Lose Some, Waste Some, Then Find a Better Way

Several months ago, a new Apple store opened in New Haven, and now, hardly a day goes by that the store is not filled with at least two or three customers, examining iPads and laptops. Not infrequently, one of these customers will leave the store with a sleek white box containing a new computer, and will return home to transfer files and get back to work. But nowadays, few Americans are buying their first computers, which means that for every visit to the Apple store, another visit is being made to the basement or the back corner of the linen closet, where abandoned keyboards sit on top of an old tower or monitor.

In his book Treasures of the Earth: Need, Greed, and a Sustainable Future, environmental studies professor Saleem H. Ali explores the way in which computers provide the quintessential example of our destructive patterns of resource consumption, which many, Ali writes, liken to a river, with raw material flowing downstream until it is lost to us, at the dump or in the back of the linen closet.
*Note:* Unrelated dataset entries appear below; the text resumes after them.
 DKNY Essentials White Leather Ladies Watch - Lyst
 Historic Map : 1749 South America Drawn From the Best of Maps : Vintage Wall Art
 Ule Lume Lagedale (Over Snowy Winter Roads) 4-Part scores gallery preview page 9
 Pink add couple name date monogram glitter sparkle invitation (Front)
“There is little doubt that rising human consumption of materials is our most seminal environmental challenge,” Ali writes, but he also acknowledges the way in which our lust for material goods—treasure, as he puts it—has shaped human civilization since long before the gold rush. Rather than attempting to reverse this long history of resource use, Ali proposes that we employ our awareness of it to look for creative ways forward.
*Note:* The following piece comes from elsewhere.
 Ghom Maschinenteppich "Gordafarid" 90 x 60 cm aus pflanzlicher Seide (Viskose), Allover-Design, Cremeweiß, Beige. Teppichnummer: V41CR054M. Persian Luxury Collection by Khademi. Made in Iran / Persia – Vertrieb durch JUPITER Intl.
Instead of simply following the currents of the river, we must work towards a “lake economy,” in which we use resources with an eye towards their reuse, maintaining a stock of materials that can constantly re-circulate as long as input and output is efficiently controlled. As an alternative to eliminating computers from society because of the ways in which they use plastic, metals, and energy, why not create technologies that allow for the more painless replacement of parts, so that an upgrade consists of replacing a chip without rendering an entire machine outmoded? Ali asks. It is only through such creative solutions that we may satisfy our need for “treasure” without compromising the needs of the earth.